Избранное. Том 1. Повести. Рассказы | страница 3



Итак, о Сорокской степи. «Здесь все могло быть. Говорят даже, что много тысяч лет тому назад стояло тут широкое, ласковое море. Но и у морей есть свои сроки, они тоже в положенное время собирают свои пожитки. Ушло и это море, оставив степи в наследство широкий, огромный простор с мелкой, едва прописанной волной».[3]

О многом могла бы рассказать Сорокская степь: и как «старательно носит сотни лет, от зерна к зерну, вкус хлеба насущного»; и как «гул земли вдруг вырвался наружу, засвистел пулями, загрохотал взрывами, и земля запросила глоток, последний глоток воды…»; и как «…опустошенная двухлетней засухой, захороненная в собственной ныли», лежала она «бездыханная и, казалось, вымерла вся»; и как ныне «старательно отдается из года в год стихии изобилия, и нет конца этим тоннам, этим гектолитрам, этим вагонам и цистернам».
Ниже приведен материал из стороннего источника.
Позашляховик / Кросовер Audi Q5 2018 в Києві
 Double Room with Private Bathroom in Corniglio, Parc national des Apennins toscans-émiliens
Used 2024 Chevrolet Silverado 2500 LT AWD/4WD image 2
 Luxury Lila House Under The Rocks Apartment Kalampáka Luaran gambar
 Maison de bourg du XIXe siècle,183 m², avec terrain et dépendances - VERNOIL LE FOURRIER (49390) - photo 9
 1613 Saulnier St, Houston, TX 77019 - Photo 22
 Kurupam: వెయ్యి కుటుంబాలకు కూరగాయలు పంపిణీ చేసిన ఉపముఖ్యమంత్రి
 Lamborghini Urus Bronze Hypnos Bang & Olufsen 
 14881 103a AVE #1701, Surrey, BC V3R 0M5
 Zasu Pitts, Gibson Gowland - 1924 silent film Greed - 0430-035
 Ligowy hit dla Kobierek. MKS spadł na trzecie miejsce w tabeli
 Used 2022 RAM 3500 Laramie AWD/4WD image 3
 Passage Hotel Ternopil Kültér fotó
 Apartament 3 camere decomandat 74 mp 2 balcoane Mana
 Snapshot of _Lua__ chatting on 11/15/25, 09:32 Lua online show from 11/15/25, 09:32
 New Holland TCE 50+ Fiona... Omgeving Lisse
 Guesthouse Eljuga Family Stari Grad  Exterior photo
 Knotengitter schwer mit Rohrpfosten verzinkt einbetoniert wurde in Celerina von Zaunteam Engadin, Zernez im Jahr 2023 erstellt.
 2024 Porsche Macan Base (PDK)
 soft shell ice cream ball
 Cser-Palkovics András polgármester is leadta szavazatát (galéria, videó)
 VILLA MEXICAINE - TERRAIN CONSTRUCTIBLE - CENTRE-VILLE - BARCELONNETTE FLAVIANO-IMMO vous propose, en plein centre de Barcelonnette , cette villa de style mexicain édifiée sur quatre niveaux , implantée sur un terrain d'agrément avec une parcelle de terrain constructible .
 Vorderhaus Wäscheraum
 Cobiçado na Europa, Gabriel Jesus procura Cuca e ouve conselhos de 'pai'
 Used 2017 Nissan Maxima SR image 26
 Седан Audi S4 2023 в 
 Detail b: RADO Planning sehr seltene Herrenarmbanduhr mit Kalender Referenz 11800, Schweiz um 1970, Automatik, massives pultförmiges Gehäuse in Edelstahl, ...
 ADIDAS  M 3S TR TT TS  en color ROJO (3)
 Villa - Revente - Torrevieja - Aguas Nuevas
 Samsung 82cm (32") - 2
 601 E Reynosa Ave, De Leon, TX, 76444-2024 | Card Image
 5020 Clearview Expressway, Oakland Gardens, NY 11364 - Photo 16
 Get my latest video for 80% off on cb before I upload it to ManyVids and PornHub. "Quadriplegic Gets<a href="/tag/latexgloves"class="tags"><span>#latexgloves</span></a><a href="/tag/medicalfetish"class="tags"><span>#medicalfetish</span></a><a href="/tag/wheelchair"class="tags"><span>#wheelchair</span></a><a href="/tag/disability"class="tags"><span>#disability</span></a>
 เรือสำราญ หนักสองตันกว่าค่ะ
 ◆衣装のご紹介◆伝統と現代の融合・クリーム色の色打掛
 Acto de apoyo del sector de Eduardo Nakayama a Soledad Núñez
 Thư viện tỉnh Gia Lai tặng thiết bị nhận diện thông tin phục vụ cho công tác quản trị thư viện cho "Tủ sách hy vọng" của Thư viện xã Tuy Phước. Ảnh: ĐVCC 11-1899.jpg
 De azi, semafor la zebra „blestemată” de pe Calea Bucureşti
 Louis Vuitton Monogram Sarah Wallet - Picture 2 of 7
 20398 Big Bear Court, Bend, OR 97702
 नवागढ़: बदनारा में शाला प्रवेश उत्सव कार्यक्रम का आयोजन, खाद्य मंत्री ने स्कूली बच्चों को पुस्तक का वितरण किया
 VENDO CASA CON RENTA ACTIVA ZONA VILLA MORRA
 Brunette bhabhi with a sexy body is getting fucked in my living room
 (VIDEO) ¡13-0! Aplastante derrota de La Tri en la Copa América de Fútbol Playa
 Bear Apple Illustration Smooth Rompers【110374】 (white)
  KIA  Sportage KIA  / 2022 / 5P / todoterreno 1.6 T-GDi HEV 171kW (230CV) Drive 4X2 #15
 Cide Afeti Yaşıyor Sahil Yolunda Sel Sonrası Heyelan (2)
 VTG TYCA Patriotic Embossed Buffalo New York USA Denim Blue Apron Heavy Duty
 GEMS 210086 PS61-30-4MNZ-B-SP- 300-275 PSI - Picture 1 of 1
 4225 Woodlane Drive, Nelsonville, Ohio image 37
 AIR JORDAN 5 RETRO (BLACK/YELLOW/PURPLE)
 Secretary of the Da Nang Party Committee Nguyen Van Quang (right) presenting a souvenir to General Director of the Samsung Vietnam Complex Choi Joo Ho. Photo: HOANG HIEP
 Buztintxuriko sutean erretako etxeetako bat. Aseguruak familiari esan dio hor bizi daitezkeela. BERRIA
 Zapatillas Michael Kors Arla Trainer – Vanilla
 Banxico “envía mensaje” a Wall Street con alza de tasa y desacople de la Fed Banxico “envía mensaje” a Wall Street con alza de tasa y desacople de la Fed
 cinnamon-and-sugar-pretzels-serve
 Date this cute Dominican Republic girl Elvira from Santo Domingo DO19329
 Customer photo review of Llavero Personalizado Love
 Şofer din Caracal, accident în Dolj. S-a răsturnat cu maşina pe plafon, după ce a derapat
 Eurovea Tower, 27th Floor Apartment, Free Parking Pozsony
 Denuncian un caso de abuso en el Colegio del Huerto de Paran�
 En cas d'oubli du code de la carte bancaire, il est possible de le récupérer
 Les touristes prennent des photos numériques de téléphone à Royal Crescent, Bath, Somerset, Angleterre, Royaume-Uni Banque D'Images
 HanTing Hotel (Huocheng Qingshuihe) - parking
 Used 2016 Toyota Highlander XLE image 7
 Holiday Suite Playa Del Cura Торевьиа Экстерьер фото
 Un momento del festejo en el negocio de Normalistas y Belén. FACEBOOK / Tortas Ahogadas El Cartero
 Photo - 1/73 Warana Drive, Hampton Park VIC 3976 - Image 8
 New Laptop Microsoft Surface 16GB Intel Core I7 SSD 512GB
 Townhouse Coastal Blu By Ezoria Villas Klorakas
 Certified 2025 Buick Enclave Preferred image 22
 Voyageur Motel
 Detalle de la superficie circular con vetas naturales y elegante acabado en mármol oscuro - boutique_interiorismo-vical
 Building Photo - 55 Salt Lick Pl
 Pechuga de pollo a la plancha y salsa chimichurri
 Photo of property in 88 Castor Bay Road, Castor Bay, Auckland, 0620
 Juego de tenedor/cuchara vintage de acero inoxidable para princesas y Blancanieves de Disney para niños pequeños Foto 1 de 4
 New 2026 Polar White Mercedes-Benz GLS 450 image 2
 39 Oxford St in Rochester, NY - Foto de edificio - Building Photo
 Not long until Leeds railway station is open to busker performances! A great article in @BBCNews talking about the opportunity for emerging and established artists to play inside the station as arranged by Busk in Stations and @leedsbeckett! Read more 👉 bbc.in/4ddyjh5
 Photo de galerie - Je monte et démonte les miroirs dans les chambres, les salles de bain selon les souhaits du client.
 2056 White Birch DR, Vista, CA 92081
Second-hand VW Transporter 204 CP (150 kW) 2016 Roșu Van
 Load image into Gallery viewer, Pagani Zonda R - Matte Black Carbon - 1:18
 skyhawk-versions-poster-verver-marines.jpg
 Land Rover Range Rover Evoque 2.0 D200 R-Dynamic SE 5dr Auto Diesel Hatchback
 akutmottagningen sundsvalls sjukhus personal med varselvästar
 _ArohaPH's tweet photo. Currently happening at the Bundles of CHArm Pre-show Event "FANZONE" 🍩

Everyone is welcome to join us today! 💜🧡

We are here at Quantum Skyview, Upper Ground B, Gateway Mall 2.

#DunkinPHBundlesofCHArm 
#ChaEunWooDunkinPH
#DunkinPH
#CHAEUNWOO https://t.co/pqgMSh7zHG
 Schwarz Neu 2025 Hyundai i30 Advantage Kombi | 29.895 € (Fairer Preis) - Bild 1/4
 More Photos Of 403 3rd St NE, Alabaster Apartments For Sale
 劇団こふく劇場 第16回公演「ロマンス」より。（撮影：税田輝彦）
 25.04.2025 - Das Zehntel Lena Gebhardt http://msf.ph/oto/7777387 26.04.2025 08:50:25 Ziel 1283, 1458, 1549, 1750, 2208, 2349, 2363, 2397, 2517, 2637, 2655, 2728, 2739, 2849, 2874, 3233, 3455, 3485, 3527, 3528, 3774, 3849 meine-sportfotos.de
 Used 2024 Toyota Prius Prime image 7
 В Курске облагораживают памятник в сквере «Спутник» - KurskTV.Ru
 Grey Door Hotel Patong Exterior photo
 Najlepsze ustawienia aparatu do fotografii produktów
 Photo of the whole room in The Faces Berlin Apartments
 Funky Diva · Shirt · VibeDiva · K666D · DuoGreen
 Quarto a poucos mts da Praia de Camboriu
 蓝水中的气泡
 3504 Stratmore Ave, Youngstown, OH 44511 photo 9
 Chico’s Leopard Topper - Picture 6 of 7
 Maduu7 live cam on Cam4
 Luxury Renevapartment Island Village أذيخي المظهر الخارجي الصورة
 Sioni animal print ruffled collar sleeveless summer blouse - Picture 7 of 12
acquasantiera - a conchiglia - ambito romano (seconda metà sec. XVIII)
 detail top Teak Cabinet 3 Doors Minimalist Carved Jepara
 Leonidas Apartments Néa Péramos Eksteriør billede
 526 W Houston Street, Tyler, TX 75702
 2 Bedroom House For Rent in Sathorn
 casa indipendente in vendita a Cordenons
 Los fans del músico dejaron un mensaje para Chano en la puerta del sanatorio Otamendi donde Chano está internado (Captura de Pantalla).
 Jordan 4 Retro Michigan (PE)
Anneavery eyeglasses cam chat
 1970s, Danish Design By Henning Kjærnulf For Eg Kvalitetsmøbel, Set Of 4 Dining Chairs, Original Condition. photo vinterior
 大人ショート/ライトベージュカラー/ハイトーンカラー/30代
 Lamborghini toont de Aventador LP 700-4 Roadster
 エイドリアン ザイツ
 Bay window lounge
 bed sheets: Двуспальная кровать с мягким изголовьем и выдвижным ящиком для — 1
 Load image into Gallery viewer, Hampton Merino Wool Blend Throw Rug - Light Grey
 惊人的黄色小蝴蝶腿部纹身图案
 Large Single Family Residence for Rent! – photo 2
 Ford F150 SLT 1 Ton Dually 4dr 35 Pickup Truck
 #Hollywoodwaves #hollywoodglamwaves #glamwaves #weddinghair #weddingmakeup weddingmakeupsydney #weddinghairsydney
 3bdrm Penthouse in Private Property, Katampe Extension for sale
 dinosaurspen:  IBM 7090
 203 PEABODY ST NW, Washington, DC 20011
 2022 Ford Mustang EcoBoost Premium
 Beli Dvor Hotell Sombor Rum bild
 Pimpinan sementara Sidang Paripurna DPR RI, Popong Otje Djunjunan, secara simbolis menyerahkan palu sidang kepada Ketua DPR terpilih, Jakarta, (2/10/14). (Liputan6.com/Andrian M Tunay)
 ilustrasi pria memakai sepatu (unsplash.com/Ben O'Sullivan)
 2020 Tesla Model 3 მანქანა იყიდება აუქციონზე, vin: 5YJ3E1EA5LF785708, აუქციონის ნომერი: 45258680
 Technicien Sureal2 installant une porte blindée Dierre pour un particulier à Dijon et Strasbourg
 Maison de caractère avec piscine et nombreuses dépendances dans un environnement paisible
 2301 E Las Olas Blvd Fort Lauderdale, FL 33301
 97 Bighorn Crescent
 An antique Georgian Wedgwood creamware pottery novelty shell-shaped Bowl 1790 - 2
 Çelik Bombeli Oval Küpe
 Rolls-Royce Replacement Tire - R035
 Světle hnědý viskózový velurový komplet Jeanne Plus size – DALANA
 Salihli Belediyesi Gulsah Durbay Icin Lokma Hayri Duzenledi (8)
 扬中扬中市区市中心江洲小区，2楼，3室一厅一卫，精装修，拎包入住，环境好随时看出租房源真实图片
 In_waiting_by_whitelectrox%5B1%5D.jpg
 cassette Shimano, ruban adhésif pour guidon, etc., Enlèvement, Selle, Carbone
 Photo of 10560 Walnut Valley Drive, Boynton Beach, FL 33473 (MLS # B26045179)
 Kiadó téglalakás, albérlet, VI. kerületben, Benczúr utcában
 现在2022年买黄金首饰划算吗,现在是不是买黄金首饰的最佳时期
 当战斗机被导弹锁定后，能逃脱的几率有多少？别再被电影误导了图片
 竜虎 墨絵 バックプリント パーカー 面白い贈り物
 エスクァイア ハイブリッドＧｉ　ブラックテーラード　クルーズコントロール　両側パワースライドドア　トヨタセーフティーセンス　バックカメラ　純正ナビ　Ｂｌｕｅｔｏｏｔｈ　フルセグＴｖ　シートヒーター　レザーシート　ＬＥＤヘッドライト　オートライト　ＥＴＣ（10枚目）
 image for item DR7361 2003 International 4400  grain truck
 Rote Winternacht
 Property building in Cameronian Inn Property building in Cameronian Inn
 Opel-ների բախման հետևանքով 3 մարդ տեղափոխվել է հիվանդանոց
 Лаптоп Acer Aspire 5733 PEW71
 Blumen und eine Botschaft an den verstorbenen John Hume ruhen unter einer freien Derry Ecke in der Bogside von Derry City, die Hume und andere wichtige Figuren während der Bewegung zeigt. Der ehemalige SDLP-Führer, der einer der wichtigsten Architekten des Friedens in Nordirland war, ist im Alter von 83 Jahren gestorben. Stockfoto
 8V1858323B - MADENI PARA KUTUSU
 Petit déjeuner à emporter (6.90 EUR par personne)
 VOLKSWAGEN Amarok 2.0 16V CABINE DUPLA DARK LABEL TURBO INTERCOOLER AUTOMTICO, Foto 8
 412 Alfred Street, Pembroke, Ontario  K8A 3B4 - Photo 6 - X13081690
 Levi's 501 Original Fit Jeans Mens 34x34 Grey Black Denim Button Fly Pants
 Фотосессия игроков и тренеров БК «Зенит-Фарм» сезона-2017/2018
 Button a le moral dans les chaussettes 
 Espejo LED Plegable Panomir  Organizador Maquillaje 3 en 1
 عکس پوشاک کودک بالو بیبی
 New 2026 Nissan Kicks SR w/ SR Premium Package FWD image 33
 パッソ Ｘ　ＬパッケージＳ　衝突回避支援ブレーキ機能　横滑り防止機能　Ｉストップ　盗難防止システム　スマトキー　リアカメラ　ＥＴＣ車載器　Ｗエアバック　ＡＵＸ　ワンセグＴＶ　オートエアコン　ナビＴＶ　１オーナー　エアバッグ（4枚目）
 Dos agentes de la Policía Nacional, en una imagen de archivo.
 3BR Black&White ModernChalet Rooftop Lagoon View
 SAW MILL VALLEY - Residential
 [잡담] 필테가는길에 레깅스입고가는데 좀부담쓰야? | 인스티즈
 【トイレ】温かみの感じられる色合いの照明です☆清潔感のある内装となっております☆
С подлинно лирической проникновенностью воспеваются автором летние ночи Сорокской степи: «Когда натруженные руки вдруг заноют сладко-сладко и им до боли захочется кого-то приласкать, когда затарахтит по деревне последняя запоздалая телега и ты вдруг почувствуешь себя бесконечно одиноким и станет жалко самого себя, — вот тогда-то и наступают они на севере Молдавии, эти летние степные ночи».

Степные ночи тебя «и пожалеют, и похвалят, и на улицу выманят. Напоят до одури густой синевой, пропоют тебе все песни, что в том году поются, и променяешь ты все, что тебе в жизни любо, на одну только синеву, на одну только тишь»; они очень любят «прибедняться, эти летние ночи. Им вечно не хватает хороших парней и красивых озорных девушек, и они их все разыскивают, выманивают из дому, и бедные матери ходят в ужасе: с ума сошли эти ночи…».

Ну а какая же степь не имеет дорог, что связывают ее с остальным миром? У Сорокской их множество. «Новые и старые, безыменные и с громкими именами, проселки, тропинки и перекрестки — весь этот ползущий, идущий, бегущий мир лежит, намертво сцепившись друг с другом, как вздувшиеся вены на руках старого землепашца».

У дорог тоже есть свое прошлое и настоящее, свой норов и свое имя («История этой тропинки была сложной и запутанной, из-за нее над чутурянами часто посмеивались, хотя если во все это вдуматься, то смешного окажется мало»; тропинка, напоминавшая «своей шершаво-мягкой поверхностью человеческую кожу, была с характером»; «она была хорошей дорогой с добрым именем… сделавшей много хорошего людям»). И становятся эти «исхоженные с детства дороги… такими родными, такими близкими…».